Bian Liheng, Song Haoze, Peng Lintao, Chang Xuyang, Yang Xi, Horstmeyer Roarke, Ye Lin, Zhu Chunli, Qin Tong, Zheng Dezhi, Zhang Jun
MIIT Key Laboratory of Complex-field Intelligent Sensing, Beijing Institute of Technology, Beijing, 100081, China.
Yangtze Delta Region Academy of Beijing Institute of Technology (Jiaxing), Jiaxing, 314019, China.
Nat Commun. 2023 Sep 22;14(1):5902. doi: 10.1038/s41467-023-41597-9.
High-resolution single-photon imaging remains a big challenge due to the complex hardware manufacturing craft and noise disturbances. Here, we introduce deep learning into SPAD, enabling super-resolution single-photon imaging with enhancement of bit depth and imaging quality. We first studied the complex photon flow model of SPAD electronics to accurately characterize multiple physical noise sources, and collected a real SPAD image dataset (64 × 32 pixels, 90 scenes, 10 different bit depths, 3 different illumination flux, 2790 images in total) to calibrate noise model parameters. With this physical noise model, we synthesized a large-scale realistic single-photon image dataset (image pairs of 5 different resolutions with maximum megapixels, 17250 scenes, 10 different bit depths, 3 different illumination flux, 2.6 million images in total) for subsequent network training. To tackle the severe super-resolution challenge of SPAD inputs with low bit depth, low resolution, and heavy noise, we further built a deep transformer network with a content-adaptive self-attention mechanism and gated fusion modules, which can dig global contextual features to remove multi-source noise and extract full-frequency details. We applied the technique in a series of experiments including microfluidic inspection, Fourier ptychography, and high-speed imaging. The experiments validate the technique's state-of-the-art super-resolution SPAD imaging performance.

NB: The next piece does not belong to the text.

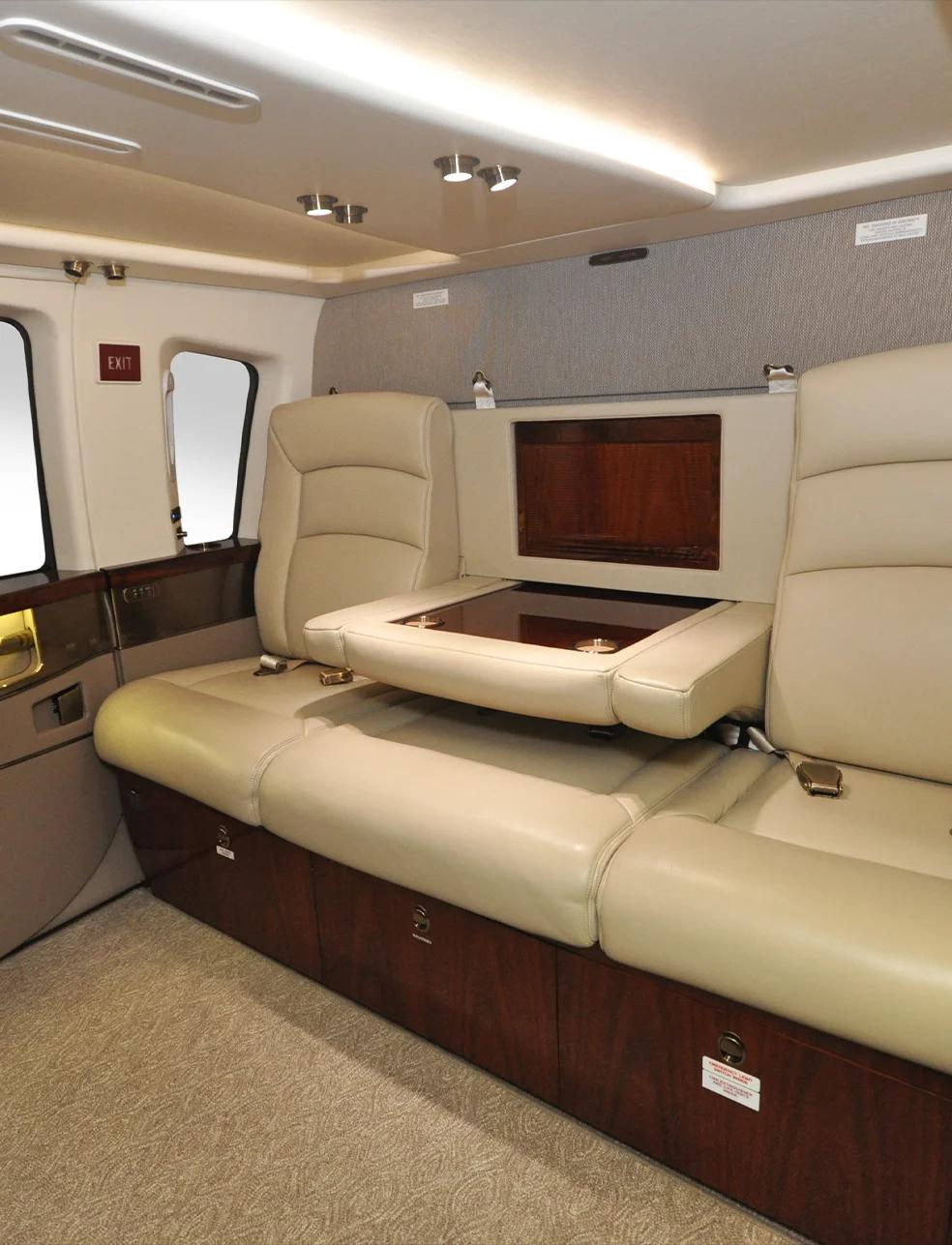 sikorsky-s-76-cabin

由于复杂的硬件制造工艺和噪声干扰,高分辨率单光子成像仍然是一个巨大的挑战。在此,我们将深度学习引入单光子雪崩二极管(SPAD),实现了具有位深度增强和成像质量提升的超分辨率单光子成像。我们首先研究了SPAD电子学的复杂光子流模型,以准确表征多个物理噪声源,并收集了一个真实的SPAD图像数据集(64×32像素,90个场景,10种不同位深度,3种不同照明通量,共2790张图像)来校准噪声模型参数。利用这个物理噪声模型,我们合成了一个大规模的逼真单光子图像数据集(5种不同分辨率的图像对,最大达百万像素,17250个场景,10种不同位深度,3种不同照明通量,共260万张图像)用于后续的网络训练。为应对低比特深度、低分辨率和高噪声的SPAD输入的严峻超分辨率挑战,我们进一步构建了一个具有内容自适应自注意力机制和门控融合模块的深度变压器网络,该网络可以挖掘全局上下文特征以去除多源噪声并提取全频细节。我们将该技术应用于包括微流体检测、傅里叶叠层成像和高速成像在内的一系列实验中。实验验证了该技术的超分辨率SPAD成像性能达到了当前的先进水平。